Meski beberapa bagian yang perlu direvisi sudah dikerucutkan menjadi empat poin. Namun menurut Lalola, peraturan yang mau diatur dalam revisi undang-undang ini sebetulnya bisa diatur di level yang lebih rendah dibanding revisi undang-undang.
"Bisa dari SOP. Misalnya dari SP3, SP3 itu kan bisa diakalin. Kalau memang KPK tidak berwenang mengeluarkan SP3, dia bisa melimpahkan perkara itu ke Kejaksaan Agung, nah Kejaksaan Agung bisa keluarkan SP3," tuturnya.
Mengenai penambahan Dewan Pengawas, Lalola berujar bahwa dikhawatirkan orang yang tak punya komitmen teguh memberantas korupsi akan diletakan ke struktur itu. Selain itu kewenangan Dewan Pengawas ini bisa disebutnya tidak kontekstual.
"Misalnya di revisi yang baru ini kan Dewan Pengawas berhak mengeluarkan izin melakukan penyadapan. Itu kan gak masuk akal.
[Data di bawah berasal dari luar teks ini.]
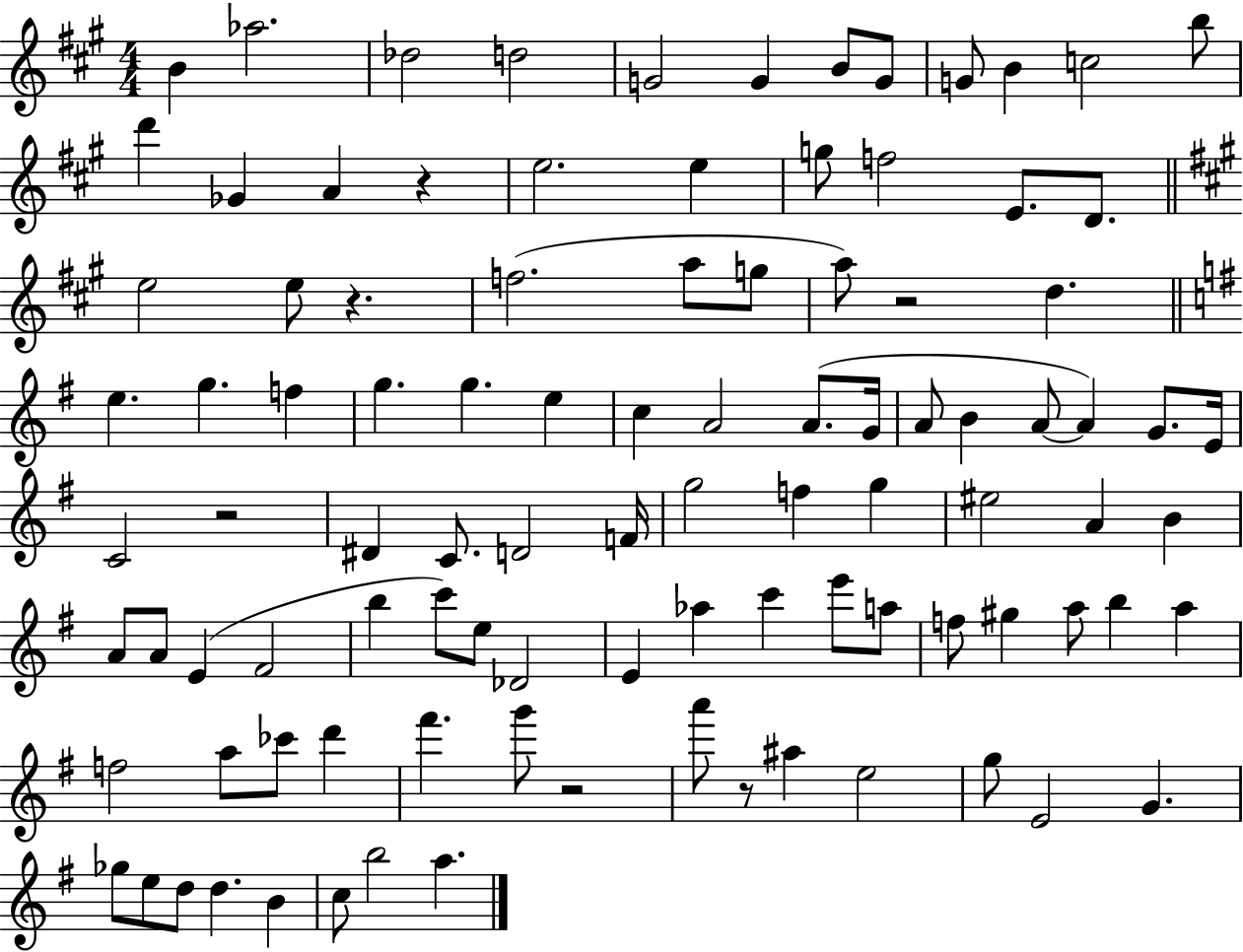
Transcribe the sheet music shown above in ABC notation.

X:1
T:Untitled
M:4/4
L:1/4
K:A
B _a2 _d2 d2 G2 G B/2 G/2 G/2 B c2 b/2 d' _G A z e2 e g/2 f2 E/2 D/2 e2 e/2 z f2 a/2 g/2 a/2 z2 d e g f g g e c A2 A/2 G/4 A/2 B A/2 A G/2 E/4 C2 z2 ^D C/2 D2 F/4 g2 f g ^e2 A B A/2 A/2 E ^F2 b c'/2 e/2 _D2 E _a c' e'/2 a/2 f/2 ^g a/2 b a f2 a/2 _c'/2 d' ^f' g'/2 z2 a'/2 z/2 ^a e2 g/2 E2 G _g/2 e/2 d/2 d B c/2 b2 a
Karena fungsi penyadapan itu sudah projustisia, artinya sudah masuk proses hukum. Sedangkan Dewan Pengawas ini bukan dalam mekanisme peradilan, bukan dalam mekanisme penanganan perkara. Jadi dia tidak bisa kemudian jadi jawaban untuk menanggulangi soal penyadapan," ujarnya.
Sedangkan terkait penyadapan, lanjut dia, sebaiknya diwacanakan untuk membuat undang-undang tersendiri. Seluruh hal tentang penyadapan mau KPK, Kejaksaan, aparat penegak hukum lain bisa diatur dalam undang-undang yang sama.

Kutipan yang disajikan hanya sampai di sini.